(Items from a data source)
*** Block opens ***
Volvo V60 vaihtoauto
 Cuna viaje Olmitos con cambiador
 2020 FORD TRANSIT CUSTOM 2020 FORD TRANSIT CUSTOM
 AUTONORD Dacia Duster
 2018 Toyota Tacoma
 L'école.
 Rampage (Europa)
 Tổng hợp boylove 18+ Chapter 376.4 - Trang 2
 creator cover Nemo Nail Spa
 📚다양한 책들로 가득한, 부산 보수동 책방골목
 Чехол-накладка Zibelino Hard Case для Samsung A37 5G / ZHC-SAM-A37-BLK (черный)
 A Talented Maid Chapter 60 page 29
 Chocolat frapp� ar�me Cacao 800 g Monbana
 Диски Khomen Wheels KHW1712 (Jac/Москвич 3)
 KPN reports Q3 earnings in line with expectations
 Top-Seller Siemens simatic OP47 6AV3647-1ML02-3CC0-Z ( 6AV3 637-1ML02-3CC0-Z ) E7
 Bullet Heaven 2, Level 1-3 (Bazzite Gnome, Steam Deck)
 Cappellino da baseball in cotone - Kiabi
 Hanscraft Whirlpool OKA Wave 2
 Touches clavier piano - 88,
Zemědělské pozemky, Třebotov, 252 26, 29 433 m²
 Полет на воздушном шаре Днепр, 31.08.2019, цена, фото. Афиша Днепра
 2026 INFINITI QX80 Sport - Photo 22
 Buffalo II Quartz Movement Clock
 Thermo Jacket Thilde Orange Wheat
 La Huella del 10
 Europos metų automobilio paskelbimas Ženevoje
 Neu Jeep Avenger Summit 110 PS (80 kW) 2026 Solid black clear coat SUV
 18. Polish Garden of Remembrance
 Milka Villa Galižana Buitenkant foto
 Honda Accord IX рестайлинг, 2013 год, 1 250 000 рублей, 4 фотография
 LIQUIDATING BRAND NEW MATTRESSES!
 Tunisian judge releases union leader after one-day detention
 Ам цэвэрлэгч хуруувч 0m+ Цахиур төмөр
*** Block closes ***
◆ Try it ◆
Using the entries above, tally every line that holds the word "Chapter". Answer with that number only.

◆ Exercise output ◆
2